To gauge how reference bias influences estimates of population affinity, the Uppsala researchers generated four different versions of genotypes for the Scandinavian Mesolithic hunter-gatherer sf12 — one with short reads, one with long reads, one with pseudo-haploid calls, and one with diploid calls — and used D statistics to test for affinities between those and modern populations, represented by Simons Genome Diversity Project data and genotyped Human Origins population data. In general, they noted that a deviation from what they expected, which suggested an effect of reference bias on these estimates.
But, the researchers reported that the direction of the bias differed between the Simons Genome Diversity Project and genotyped Human Origins population data. In general, this indicated to them that different reference data have varying influences on bias. Based on this, they said they could not conclude that ancient DNA papers have been systematically biased in some direction. Instead, they said the bias appears to be dataset- and test-specific.
"It's really hard to conclude — and they don't really conclude — what the effect is," Veeramah said.
Still, he added that any differences due to reference bias in published analyses are likely small. It's not, he said, as if researchers would suddenly learn that Neanderthal introgression into modern humans did not occur. "It's, I think, pretty clear that it happened," he said.
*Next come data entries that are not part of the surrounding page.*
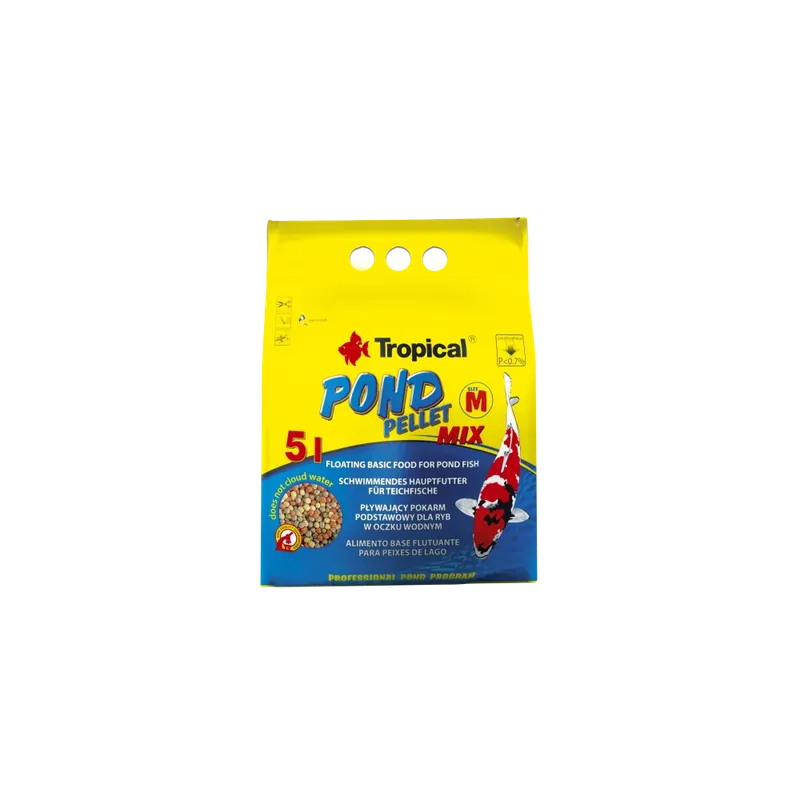 TROPICAL Pond Pellet Mix Size M 5 L/550 G WOREK Bestseller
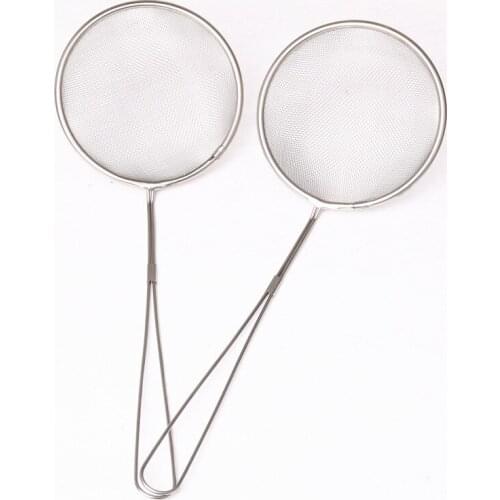 10 cm long handle oil mesh stainless steel filter net drain oil mesh drain oil screen
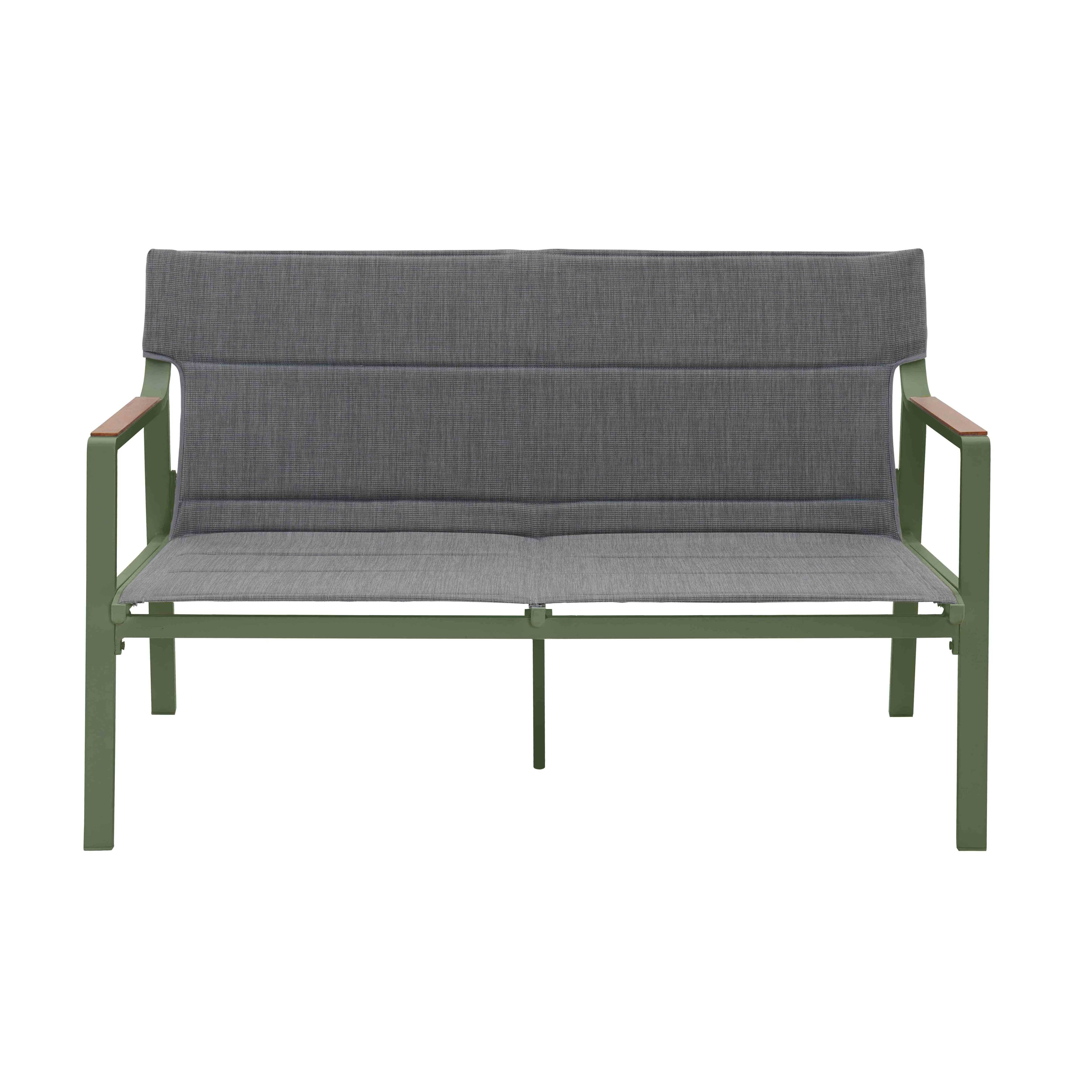 Oviala - Salon de jardin 4 places en aluminium vert kaki Leki - Oviala - Image 5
Gosling concurred. She predicted that mitigating reference bias would enable researchers to piece together a more nuanced picture of variation.
There are a few different strategies might be able to account for the effect of reference bias. The Uppsala team showed that two post-mapping filtering approaches involving modifying reads or introducing a third allele type could reduce, though not eliminate, reference bias.
Gosling noted that these approaches might not be best for everyday use, as researchers in various labs would then be relying on different references, making comparisons across labs difficult. Instead, she said new methods are needed.
"Until we get more computational people onto this to figure out some new mapping methodologies, I think it's going to be very difficult to actually get around," she said. "It's very difficult, obviously, to quantify how much of an effect this might be having on the analysis we're doing when we don't know what variation there was there to start with."
Veeramah suggested simpler approaches: mapping to the chimpanzee genome, as the first Neanderthal paper did, or having a reference with both alleles. He also noted that other groups have been accounting for reference bias in a number of ways like making ancestor genomes if they are working with humans and Neanderthals. He also noted that researchers studying non-human organisms like Drosophila have also been grappling with this issue and researchers there have been relying on iterative mapping approaches.
But all of these, he said, add time to the process and it's unclear whether the reference bias effect is more important than other issues like SNP ascertainment bias.
Whatever approaches are used to account for reference bias, Veeramah and Gosling both said it is important for them to be adopted community-wide, so it can be replicated.
"It's a pretty good paper for making ancient DNA specialists start thinking about what some of our assumptions have been," Gosling added.